As coaches, we seem diffident about our wisdom. We brandish the credentials, training and experience with which we hope our future clients will identify. We talk about how we work but rarely what we know.
Now that is understandable, it’s a core tenet of coaching that we need to be curious and non-judgemental. I hold firmly to that. It means staying value – neutral, seeking to understand the client’s world view, leaving ours at the door.
But as we coach we learn. We learn technique and powerful questions. And we spot the beliefs, attitudes and assumptions that frequently limit our clients, and the patterns of behaviour that defeat their intentions.
This is hard – won wisdom that informs our insight and our intuition. How do we use it and still hold to our non-judgemental, non-directive credo? We can try to deny or repress it. But I believe that our learning, our intuition, our wisdom will turn up anyway – implicit and unchecked if denied, rather than open and scrutinised if accepted. So we need to know what we know, and hold our wisdom with lightness and clarity. What do I think I know?
First: the last thing anyone knows about themselves is their effect. What you intend or feel is not necessarily what people see or experience of you. This means I often reflect back what I see, what I notice about the client, or as my coach Aboodi puts it “how the client happens to me.”

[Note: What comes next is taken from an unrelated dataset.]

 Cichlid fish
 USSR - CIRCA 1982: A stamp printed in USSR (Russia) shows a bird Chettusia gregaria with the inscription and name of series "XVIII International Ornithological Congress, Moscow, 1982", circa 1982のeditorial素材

A second pattern I have noticed is that we all tend to operate from our strengths: we often take them for granted, and don’t see their limitations. It is big learning when we embrace and really enjoy our strengths, and equally significant when we become more aware of their downside. I stepped up as a presenter when a colleague told me how they (positively) experienced my presence and impact. And learning about the limitations of my analytical ability was a pivotal moment in my life: I realised that being right (if indeed I was ) was often not enough to persuade another to my view. So I look to shine the light on my client’s strengths.

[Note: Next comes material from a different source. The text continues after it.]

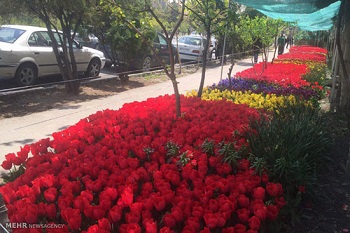 خیابانی با 30 هزار گل لاله در تهران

Another rich seam of learning was the realisation that others could operate or see the world differently to me without being mad, bad or stupid. Just different. Powerful collaboration becomes possible when you embrace difference and start to work with it. And that’s why two – chair work is often so powerful in coaching.
A fourth contention is at the heart of my coaching: every person’s behaviour makes perfect sense to them. They are meeting their needs and fulfilling their goals perfectly. So when a client says that they want to change some aspect of their behaviour I am curious. I explore how the behaviour a client wishes to change serves them and what the cost might be to them of letting it go.

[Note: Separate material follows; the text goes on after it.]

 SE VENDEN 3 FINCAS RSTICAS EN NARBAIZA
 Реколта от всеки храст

Finally, I am struck by how few of us draw on our full range: the ability to be creative and cautious, slow and fast, intuitive and evidence-based, planned and emergent, exuberant and subdued, big and small. Indeed we often don’t know what our range is. The world of work tends to draw on and re-inforce limited ways of being and doing. So we may not realise what our full potential could be. But it will be evident somewhere. So I want to know what my clients choose to do when they are not working because there is often gold dust there.
All of these ‘truths ‘ reflect my learning from my life experience and my experience as a coach. They guide my intuition (and they may well affect who I attract to work with me.) Not providing answers but certainly provoking questions. They are useful short – cuts that need to be used with care: if I treat them as universally important or give them preference, then I prioritise my take on what matters over that of my client. But if I ignore them I close off my experience and could miss an opportunity to serve my clients well.
Knowing what I believe I know means that sometimes I explain the source of a question or a hunch to my clients. They are then able to judge what my question or hunch holds for them. It might provoke insights or awareness that enhances their ability to impact the world. How could I serve them better?